◆ Input for this task:
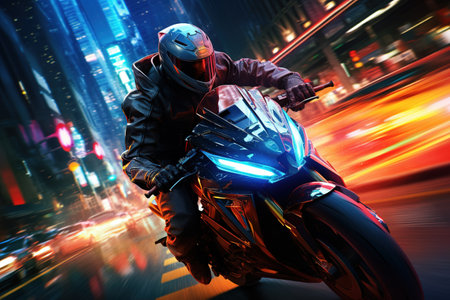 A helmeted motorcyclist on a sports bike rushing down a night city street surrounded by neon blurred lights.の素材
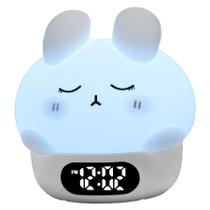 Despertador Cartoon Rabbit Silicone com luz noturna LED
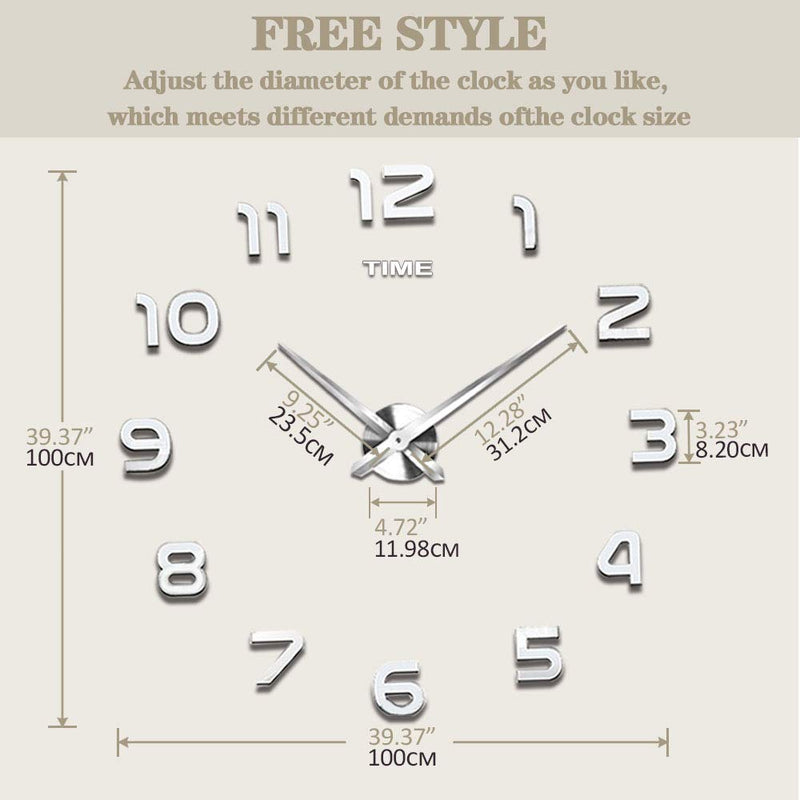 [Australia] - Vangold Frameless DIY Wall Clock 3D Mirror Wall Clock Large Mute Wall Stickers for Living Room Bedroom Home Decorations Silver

...

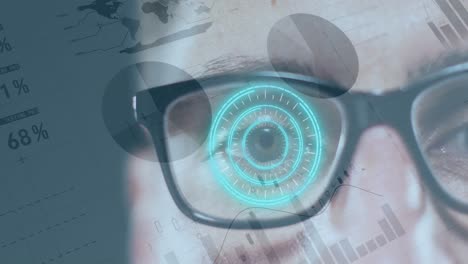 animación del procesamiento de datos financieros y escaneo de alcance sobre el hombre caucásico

◆ Exercise: Although the records hold pictures, the copy must not; give again exactly the lines from the one with "Despertador Cartoon Rabbit" through the one with "[Australia] - Vangold".

◆ Solved problem:
 Despertador Cartoon Rabbit Silicone com luz noturna LED
 [Australia] - Vangold Frameless DIY Wall Clock 3D Mirror Wall Clock Large Mute Wall Stickers for Living Room Bedroom Home Decorations Silver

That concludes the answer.